Si bien la “soledad”, como estado de desánimo e incertidumbre, es un camino seguro hacia la infelicidad, la “soledad como mónosis, enseña San Nilo de Ancira, es la “madre de la filosofía”, es decir, de la reflexión, de la revisión de vida, en función de un presente más liviano, de un pasado menos espeso y de un futuro esperanzador. Esto quiere decir que, si caemos en soledad, debemos tratar interiormente de hacer un esfuerzo y ver la posibilidad de profundizar nuestro mundo interior por encima de los vaivenes de la vida; pero solo será así cuando ésta es deseada, elegida y aceptada.
Por cierto, sabemos que, en la mayoría de las personas, no es así. Hay una soledad amarga que hemos de soportar a la fuerza por limitaciones de nuestro carácter o por frustraciones que irrumpen en nuestra existencia, o por las infiltraciones inadvertidas en las distintas dimensiones de nuestro ser.

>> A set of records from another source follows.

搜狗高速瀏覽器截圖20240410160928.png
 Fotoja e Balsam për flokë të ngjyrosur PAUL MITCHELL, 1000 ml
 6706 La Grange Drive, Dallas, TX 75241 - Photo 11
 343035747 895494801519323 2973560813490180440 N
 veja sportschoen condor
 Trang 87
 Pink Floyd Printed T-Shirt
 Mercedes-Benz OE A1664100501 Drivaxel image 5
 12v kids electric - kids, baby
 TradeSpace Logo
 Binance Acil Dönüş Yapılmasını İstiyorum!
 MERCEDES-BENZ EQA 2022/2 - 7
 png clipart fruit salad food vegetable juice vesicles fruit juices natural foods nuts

Los monjes y monjas responden al llamado de Dios y se retiran a los Monasterios. En la Historia de la iglesia, se presentan muchas formas de vivir en soledad, las cuales se agrupan en ermitaños o en monacatos. Digamos que la soledad para estas personas, hermanos nuestros, se torna en sacramento: espacio sagrado. San Ammonas la considera como el origen de todas las virtudes cuando enumera: “En primer lugar, la soledad; la soledad engendra la ascesis y las lágrimas. Las lágrimas engendran el temor”. Los elogios de la soledad, del desierto, de la celda, han sido cantados en todos los tonos por los escritores del monacato antiguo. Son alabanzas sinceras y razonadas. San Arsenio, hallándose todavía en el palacio imperial, oró a Dios en estos términos: “Condúceme a un camino en que me salve”. Oyó una voz que le decía: “Arsenio, huye de los hombres y te salvarás…”.